What Matters To Primavera?
Primavera aims to support the operation of the project on a daily basis. It has to cope with evaluating options at a daily management level which is mostly way below the level at which the Financial System cares about. Sometimes the Project Manager can change the plan quite dramatically in terms of sequence and deployment of resources, but when it is rolled up to the cost collection of the Financial System, the change van be hardly noticeable. The primary focus of the Project Manager is to get the work done on time to the nearest day and within budget. It emphasises the work to be done and the likely cost of that work. Delivery performance matters.
What Matters To Financial Systems?
A Financial System is concerned with ensuring there is enough real money in the bank to pay for the projects being run. It is concerned with the actual cost of projects compared to the budget of both the project and the organisation as a whole. It has little concern for the sequence of activities and the availability of resources. The primary focus of the Financial Accountant is to get the work done within budget and on time to the nearest financial period. It emphasises the actual cost of work, the availability of funds and the controls for the release of those funds. Fund management matters.
How Can The Same Project Be So Different?

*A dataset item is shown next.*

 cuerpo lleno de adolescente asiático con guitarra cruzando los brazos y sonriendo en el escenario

Project Alpha can finish two weeks late according to the Project Manager, but still be on time according to the Financial Accountant so long as the Actual Finish Date is in the same financial period as the Budgeted Finish Date. On the other hand Project Beta can be ahead of schedule and doing well according to the Project Manager, and as a consequence is spending over budget according to the Financial Accountant. Yet another Project Gamma could be late and over spending according to the Project Manager, but is on budget according to the Financial Accountant. Project Gamma has taken 6 months to do what was planned to be done in 3 months and has spent slightly less than the original budget for the first six months.
Needing Each Other
In a properly functioning business Primavera and Financial Systems need each other. Cost, Schedule and Technical Performance information is integrated to provide a complete picture. Information from both is required to see clearly and allow executives to adapt strategy to an ever-changing business world. Most of all, people can understand the numbers, interpret, evaluate and take action on what they are being shown.

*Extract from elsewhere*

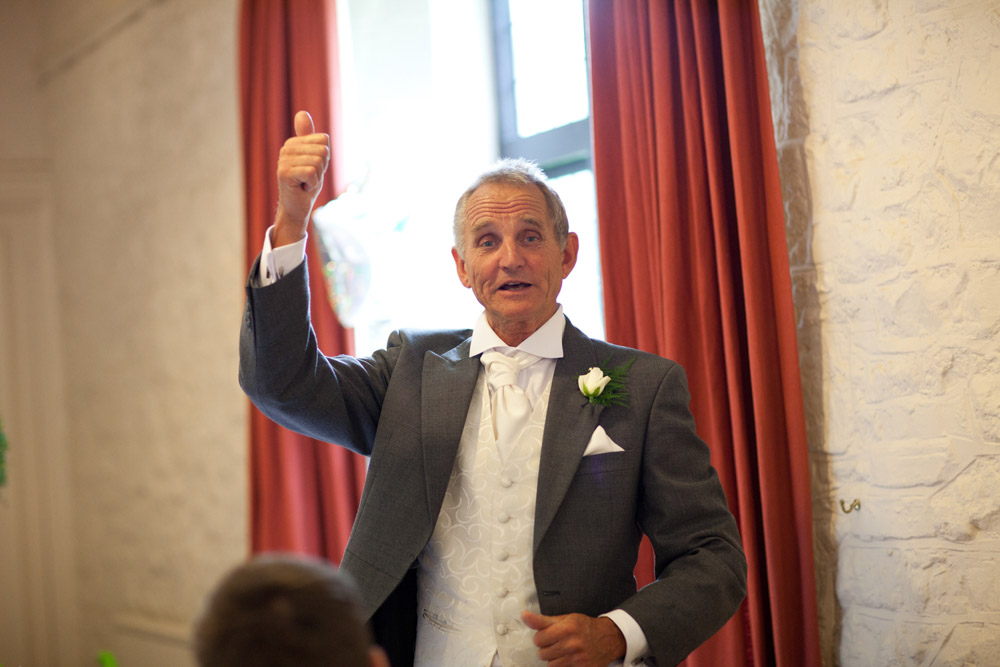 Father of the bride stands to begin his speech at the top table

Primavera is about working the plan and the Financial Systems are about accounting for cost. Only together can they be used to evaluate the cost of working the plan to the organisation. At that point, Executives can decide if a project is worth continuing and how it is contributing to organisational goals.
Robert S. Kaplan, who along with David Norton, developed the Balance Scorecard method, remarked “You can’t drive a car solely relying on a rearview mirror.”. A Financial System mainly looks through the rearview mirror and Primavera mainly looks through the windscreen. With the risk of sounding like a cliche, the whole is greater than the sum of the parts.